1991 Liechtenstein local elections
- Turnout: 85.8%

= 1991 Liechtenstein local elections =

Local elections were held in Liechtenstein on 27 January and 10 February 1991 to elect the municipal councils and the mayors of the eleven municipalities.

==Election system==
The municipal councils (German: Gemeinderat) are composed of an even number of councillors plus the mayor (German: Gemeindevorsteher).
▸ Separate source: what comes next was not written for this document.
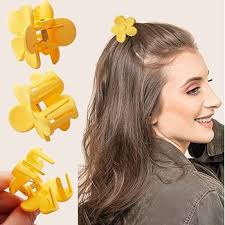 La Jolie Jasmin Small Cute Flower Hair Clips for Hair Accessories Hair Claw  Clips for Women and Girls Cream Color, 10 PCS: Buy Online at Best Price in  ...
The number of councillors is determined by population count: 6 councillors for population under 500; 8 councillors for population between 500 and 1,500; 10 councillors for population between 1,500 and 3,000; and 12 councillors for population over 3,000.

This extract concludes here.